Mark Michelson [Wed, 23 Dec 2015 21:07:05 +0000 (15:07 -0600)]
res_odbc: Remove connection management
Asterisk by default will create a single database connection and share
it among all threads that attempt to access the database. In previous
versions of Asterisk, this was tolerable, because the most used channel
driver, chan_sip, mostly accessed the database from a single thread.

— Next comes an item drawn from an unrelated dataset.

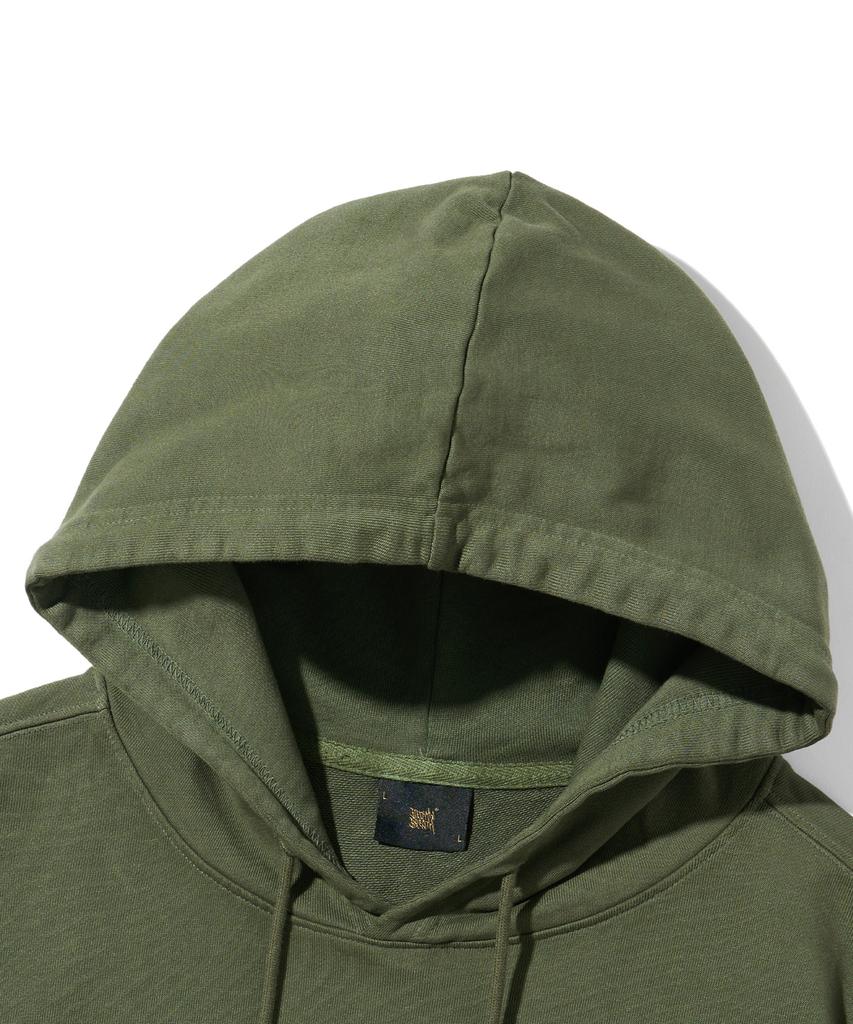 Brownbreath Pigment Tag Hood Zip Up - Khaki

With PJSIP, however, many threads may be attempting to perform database
operations, and there is the potential for many more database accesses,
meaning the concurrency is a horrible bottleneck if only one connection
is shared.
Asterisk has a connection pooling facility built into it, but the
implementation has flaws. For one, there is a strict limit on the number
of simultaneous connections that could be made to the database. Anything
beyond the maximum would result in a failed operation. Attempting to
predict what the maximum should be is nearly impossible even for someone
intimately familiar with Asterisk's threading model. In addition, use of
transactions in the dialplan can cause some severe bugs if connection
pooling is enabled.
This commit seeks to fix the concurrency problem by removing all
connection management code from Asterisk and leaving that to the
underlying unixODBC code instead. Now, Asterisk does not share a single
connection, nor does it try to maintain a connection pool. Instead, all
Asterisk ever does is request a connection from unixODBC and allow
unixODBC to either allocate those connections or retrieve them from a
pool.
Doing this has a bit of a ripple effect. For one, since connections are
not long-lived objects, several of the safeguards that previously
existed have been removed. We don't have to worry about trying to use a
connection that has gone stale. In every case, when we request a
connection, it has just been made and we don't need to perform any
sanity checks to be sure it's still active.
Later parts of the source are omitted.